Particularly resonant in Chapter 13 was a quote from Langston Hughes regarding a black poet ashamed of his race: “No great poet has ever been afraid of being himself.” This quote can be applied to any aspect of self-hatred to due race, gender, ability, or sexual orientation.

Chapter 14 compared the disparate experience of different races during WWII. Obviously the Japanese, the Native Americans, and the European and German Jews were hit the worst. For all the liberal acclaim that FDR receives due to the New Deal (if you count liberal acclaim by the covers of The Nation that the former president has landed on. Seriously. That magazine loves FDR.), Takaki weaves an interesting tale of the balancing act the president conducted with the different races. Although I cannot fault the man for living in times of escalating racial conflict, I can still find it unconceivable that the fight for freedom was fought on the backs of subjugated races. This point was mentioned by many different historical accounts throughout the chapter. Japanese-Americans, African-Americans, Mexican-Americans, and Native-Americans, all willing to join their fellow Americans in the war, continually lamented unfavorable treatment in both the civilian and the military world.

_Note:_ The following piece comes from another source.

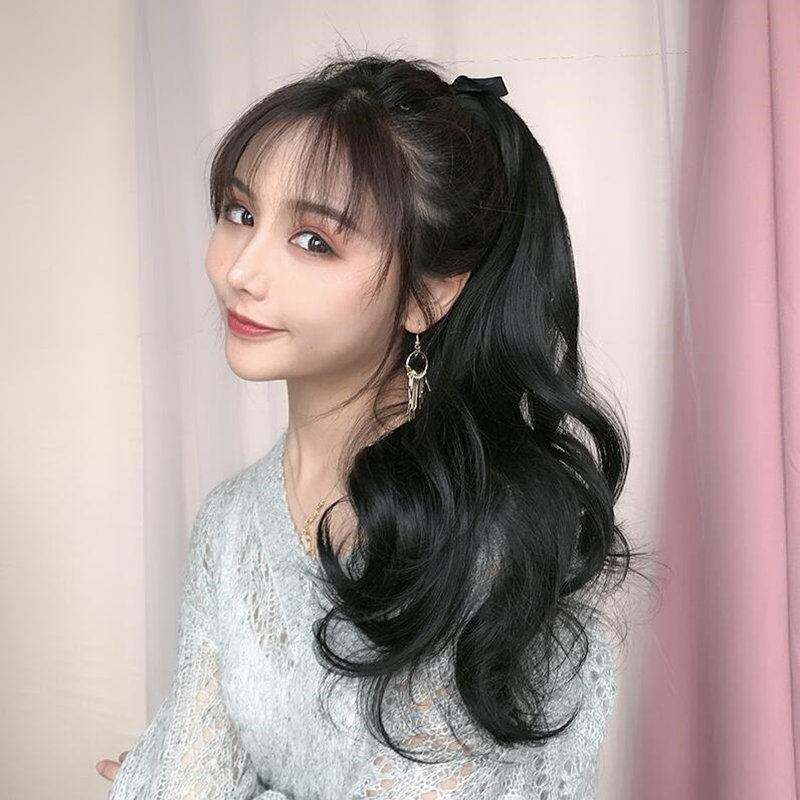假发马尾真发长卷发隐形绑式蓬松玉大波浪卷马尾假发绑式卷马尾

Segregation within the army, fighting against a dictator in the throes of exerting racial superiority is so bitterly ironic. The hypocrisy was not only blinding for those Americans that felt the consistent sting of segregation and mistreatment, but also to the rest of the world looking to America as a beacon of liberty for ALL its citizens.

I’m at a loss for what else to comment on in Chapter 14 besides the necessity of the Navajo “code talkers.” How cool is that? For one shining moment, these Navajo men (I think they were all men?) played the hero to the American people and lead their troops to victory in the battle of Iwo Jima. Of course, these men were forced to go back to the reservation with extreme post-traumatic stress disorder and subsist below the poverty line. But, for one moment the white man hailed the Native-Americans as heroes. (This kind of makes me empathize with the Native-American men that chose not to fight the “white man’s war.”).